[Data]
▶

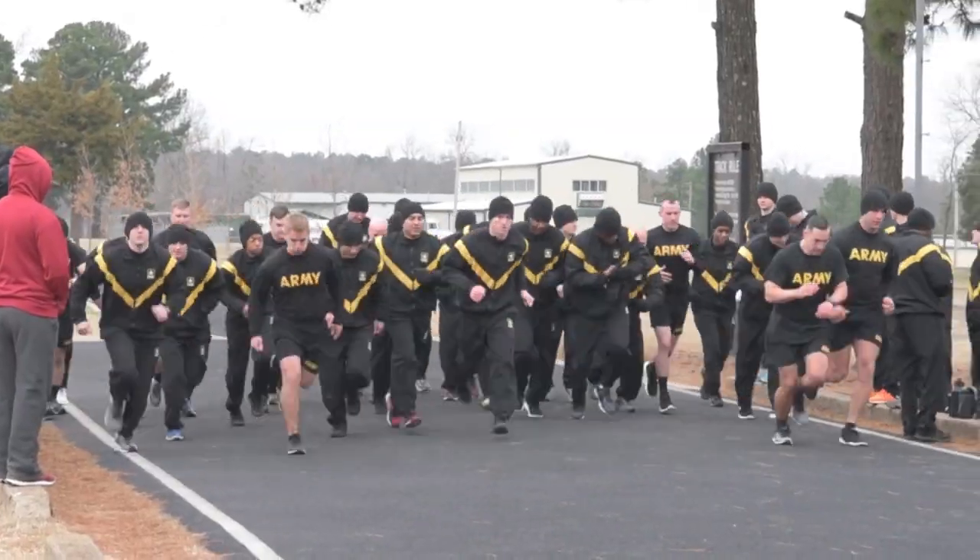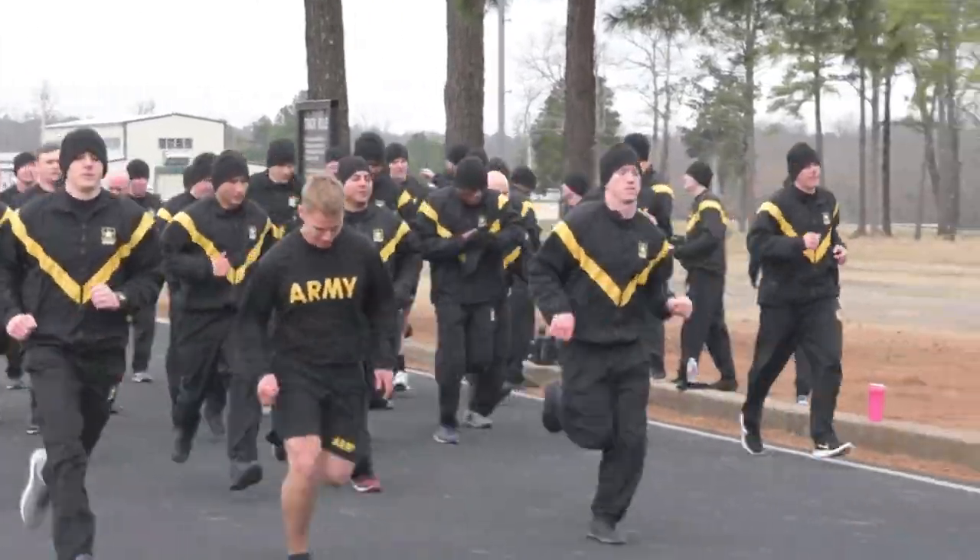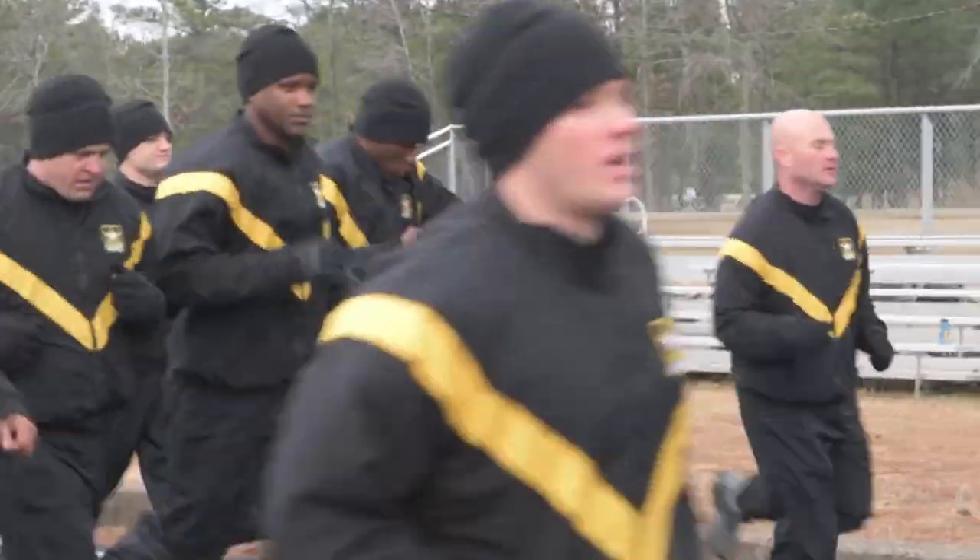One of the most important parts in preparing for the two-mile run is going to be spending time at pace. What do I mean by that? That means if you're trying to get a 16-minute two-mile, then you need to spend as much time at an eight-minute mile pace as possible.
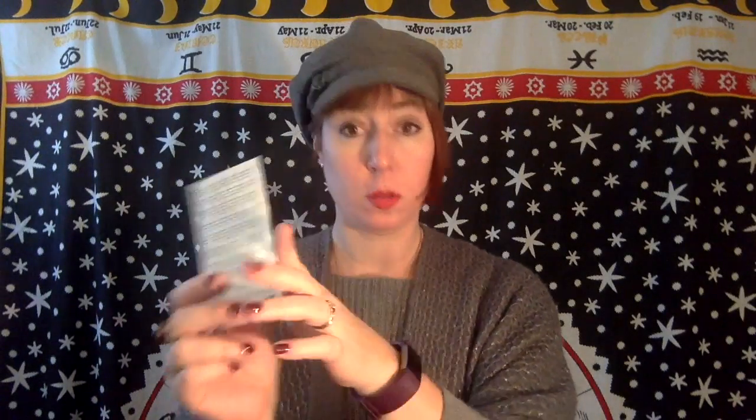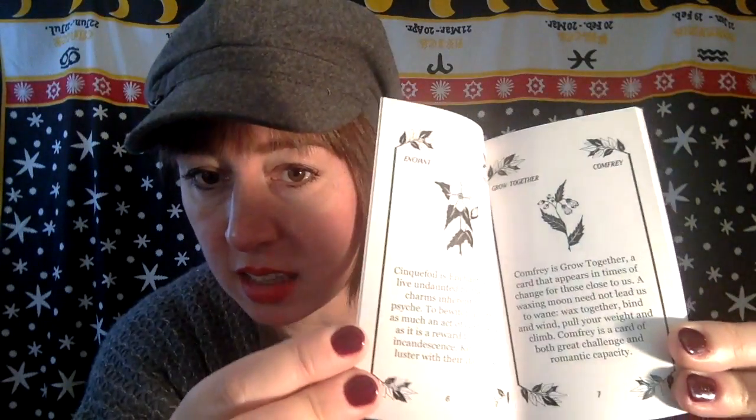Next up is the guidebooks. The first edition had a little fold-out sheet with simple keywords and descriptions for all the cards. In the second edition, there is a lovely little booklet. The text in the booklet is pretty much the same — for example, 'Sink Foil: Enchant — a call to live undaunted by the potent charms inherent to your psyche...' — it's just packaged differently.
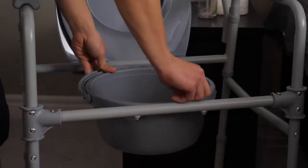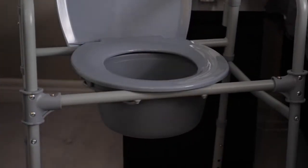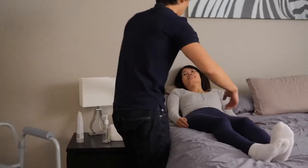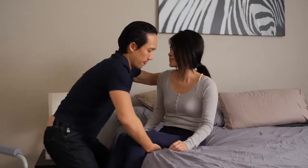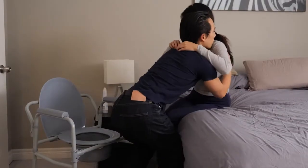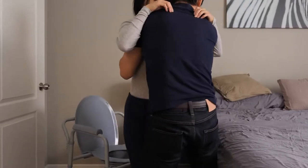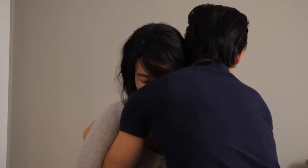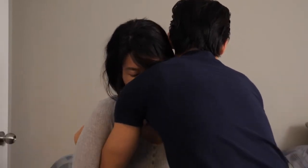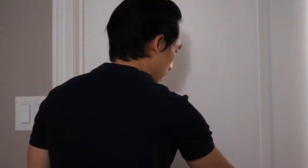To use a commode, make sure the pot is in place and put the commode at their bedside, making sure the brakes are on the bed and commode if they have them. From here, assist the person you're caring for to transfer from the bed onto the commode chair, and assist them to lower their pants while they're standing. Click here to see a video of how to transfer someone safely.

◀

[Exercise goal]
Write out the data exactly, and exclude every picture it holds.

[Written reply]
One of the most important parts in preparing for the two-mile run is going to be spending time at pace. What do I mean by that? That means if you're trying to get a 16-minute two-mile, then you need to spend as much time at an eight-minute mile pace as possible.
Next up is the guidebooks. The first edition had a little fold-out sheet with simple keywords and descriptions for all the cards. In the second edition, there is a lovely little booklet. The text in the booklet is pretty much the same — for example, 'Sink Foil: Enchant — a call to live undaunted by the potent charms inherent to your psyche...' — it's just packaged differently.
To use a commode, make sure the pot is in place and put the commode at their bedside, making sure the brakes are on the bed and commode if they have them. From here, assist the person you're caring for to transfer from the bed onto the commode chair, and assist them to lower their pants while they're standing. Click here to see a video of how to transfer someone safely.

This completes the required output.